Elmer Drew Merrill was an American botanist and systematician who specialized in the flora of the Philippines, East Asia, and the Pacific. He served as a curator and director at major herbaria and produced foundational floristic works, monographs, and bibliographies that influenced botany at institutions such as the New York Botanical Garden, United States Department of Agriculture, and the Harvard University herbarium. His career bridged field exploration, taxonomic revision, and institutional leadership across the United States, Philippines, China, Japan, and Southeast Asia.

Early life and education

Merrill was born in Kansas City, Kansas and pursued undergraduate studies at the University of Kansas and later graduate studies linked to the Harvard University botanical community. He trained under prominent figures associated with the Gray Herbarium and had early professional associations with botanists at the Smithsonian Institution and the United States National Herbarium. During formative years he interacted with collectors and taxonomists connected to the Botanical Garden of Manila and the nascent scientific networks of American colonial administration in the Philippine Islands.

Career and botanical work

Merrill's professional trajectory included positions with the Bureau of Science (Philippines), the New York Botanical Garden, the United States Department of Agriculture (USDA), and later leadership roles that connected him to the Harvard University Herbaria, the Arnold Arboretum, and international botanical institutions in Tokyo and Shanghai. He collaborated with curators and taxonomists associated with the Royal Botanic Gardens, Kew, the British Museum (Natural History), and the Field Museum of Natural History. His systematic work encompassed families and genera treated by authorities such as Carl Linnaeus, George Bentham, Joseph Dalton Hooker, and contemporaries including Nathaniel Lord Britton and J. F. Rock.
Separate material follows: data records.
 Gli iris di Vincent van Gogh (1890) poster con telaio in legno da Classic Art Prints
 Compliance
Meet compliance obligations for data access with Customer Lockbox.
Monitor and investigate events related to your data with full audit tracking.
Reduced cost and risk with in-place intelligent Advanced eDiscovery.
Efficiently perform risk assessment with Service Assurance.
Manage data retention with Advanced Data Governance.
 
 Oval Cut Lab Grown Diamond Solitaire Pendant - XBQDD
Merrill engaged with floristic projects overlapping with the efforts of collectors like Frank Kingdon-Ward, Elmer G. Smith, and A. D. E. Elmer.
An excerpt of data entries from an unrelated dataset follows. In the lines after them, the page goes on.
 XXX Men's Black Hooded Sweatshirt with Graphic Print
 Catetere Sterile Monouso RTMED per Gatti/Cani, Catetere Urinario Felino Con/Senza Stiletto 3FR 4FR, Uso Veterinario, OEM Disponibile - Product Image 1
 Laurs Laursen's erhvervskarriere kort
Major publications and contributions

Merrill authored floras, checklists, and monographs that became essential references for flora of the Philippines, China, Japan, and Pacific islands, producing works comparable in scope to publications from the Flora of North America projects and regional treatments by contributors to the Kew Bulletin. His bibliographic compilations and taxonomic revisions were tools used by botanists at the New York Botanical Garden, the Smithsonian Institution, and universities such as Yale University, Cornell University, and University of California, Berkeley. He published in outlets and series parallel to the Journal of the Arnold Arboretum, the Memoirs of the New York Botanical Garden, and proceedings associated with the United States National Museum. Merrill's contributions influenced applied botanical programs in horticulture at institutions like the Brooklyn Botanic Garden and agricultural research at the Philippine Bureau of Agriculture and USDA.

Expeditions and collections

Merrill organized and participated in botanical surveys and expeditions across the Philippine archipelago, the Ryukyu Islands, Taiwan, and parts of Southeast Asia, collaborating with collectors and local botanists tied to the Bureau of Science (Manila), the University of the Philippines, and colonial-era networks linking Manila and Hong Kong. His fieldwork generated herbarium specimens that were incorporated into collections at the New York Botanical Garden Herbarium (NY), the United States National Herbarium (US), the Herbarium of the Arnold Arboretum, and international repositories including Royal Botanic Gardens, Kew and the Herbarium of Kyoto University. Specimens associated with Merrill became reference material for taxonomists working on families treated in global syntheses such as those by Augustin Pyramus de Candolle and later rearrangements by Arthur Cronquist and Rolf Dahlgren-era systems. He facilitated exchange of material with collectors like C. S. Sargent, B. L. Robinson, and regional botanists including H. H. Bartlett.

Honors and legacy

Merrill received honors and recognition from scientific societies and botanical institutions including awards akin to the Mary Soper Pope Memorial Award in botany, and honorary degrees from universities with botanical programs such as Columbia University and Rutgers University. Several plant genera and species were named to honor him, reflecting ties to taxonomists working at Kew, the New York Botanical Garden, and the Field Museum. His legacy persists in the nomenclatural and bibliographic infrastructure relied upon by researchers at institutions like the Missouri Botanical Garden, the Royal Botanic Garden Edinburgh, and the Australian National Herbarium. Archives of his correspondence and manuscripts are held in collections connected to the New York Botanical Garden Library, the Arnold Arboretum Archives, and major university libraries, informing historical studies by scholars affiliated with programs at Harvard University, Yale University, and the University of California system.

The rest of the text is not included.